You’ll recall that the court ducked the issue last year, tossing out the federal Defense of Marriage Act but punting on the question of whether state bans violate the equal protection and/or due process clauses of the Fourteenth Amendment. Since then, a bunch of federal district and appeals courts have all (with the exception of one district court in Louisiana) decided that such bans do indeed violate one or both of those clauses. On so weighty an issue, now being litigated wherever SSM is not allowed, the justices need to man up and render judgment.
The Catholics, Southern Baptists, etc. think that the case the court should take is Utah’s, and I do too. Why Utah?
Not, as Mark Wilson asserts over at FindLaw, because Utah is one of those states where the voters rather than the legislature approved the ban, thereby creating the clearest contrast between democratic and judicial decision-making on a fraught political issue. (It was on a preference for the former that the outlying Louisiana judge hung his hat.)

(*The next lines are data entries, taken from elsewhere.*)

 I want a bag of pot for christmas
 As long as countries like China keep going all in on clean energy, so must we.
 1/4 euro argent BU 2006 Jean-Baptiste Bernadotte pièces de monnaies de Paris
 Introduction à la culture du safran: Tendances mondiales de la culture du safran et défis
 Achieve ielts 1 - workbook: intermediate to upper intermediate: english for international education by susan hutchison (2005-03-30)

Rather, the religious organizations make clear in their amicus brief that, besides addressing all relevant Fourteenth Amendment issues, the Utah case uniquely addresses the burden placed on religious liberty by SSM. Quoting from a 2012 letter from a coalition of anti-SSM religious leaders, they write:
Judicially redefining marriage powerfully conflicts with religious liberty because, among other reasons, such a dramatic change in the law inevitably will lead to “forcing or pressuring both individuals and religious organizations – throughout their operations, well beyond religious ceremonies – to treat same-sex sexual conduct as the moral equivalent of marital sexual conduct.”…

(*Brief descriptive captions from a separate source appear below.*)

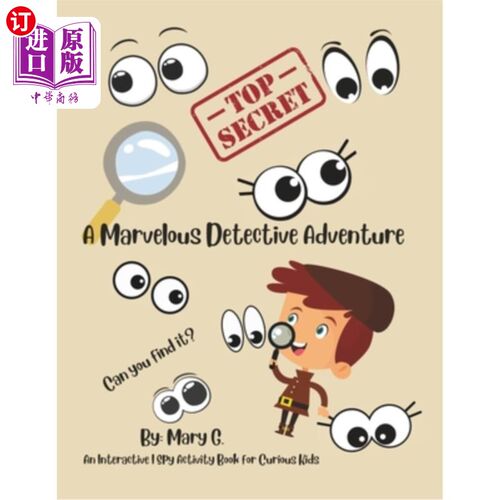 海外直订A Marvelous Detective Adventures: An Interactive I Spy Activity Book for Curious 奇妙的侦探冒险：为好奇的孩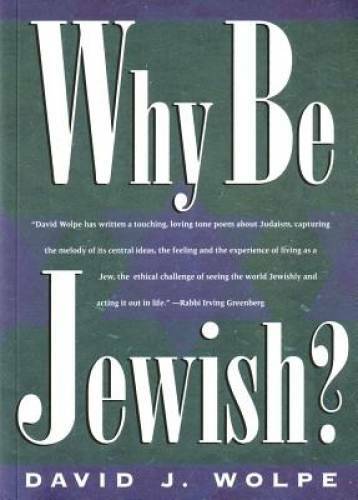 Why Be Jewish? – Paperback By Wolpe, David J. – VERY GOOD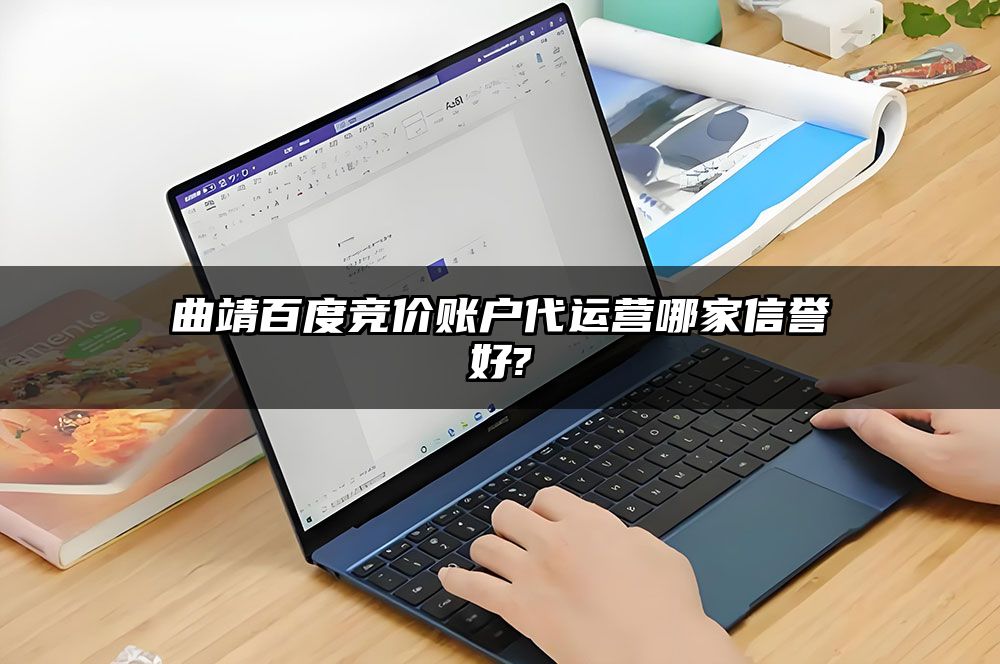 曲靖百度竞价账户代运营哪家信誉好?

Utah’s petition provides an opportunity to address whether avoiding religious conflicts and church-state entanglements is a sufficiently weighty reason, alone or combined with other interests, to warrant allowing States to retain the age-old definition of marriage.
If the court did find such avoidance sufficiently weighty, I’ve no doubt that the next legal step would be to ask that all states be forbidden to permit SSM on religious liberty grounds. But the real significance of the brief, it seems to me, is that it represents an acknowledgment that SSM is becoming the law of the land, and that the battle has now moved to the securing of legal exemptions for religious objectors.
Under the circumstances, the Catholics, Southern Baptists, Missouri Synod Lutherans, and especially the Mormons should be aware that the Fourteenth Amendment cuts both ways when it comes to religious liberty. Just this past year, U.S. District Judge Clark Waddoups declared Utah’s anti-polygamy statute to be in violation of the due process and equal protection clauses. By taking the Utah case, the Supreme Court will invite amicus briefs from fundamentalist Mormons who, with good reason, will see a decision declaring state anti-SSM laws unconstitutional as enhancing their freedom to practice their polygamous faith.
In other words, be careful what you wish for.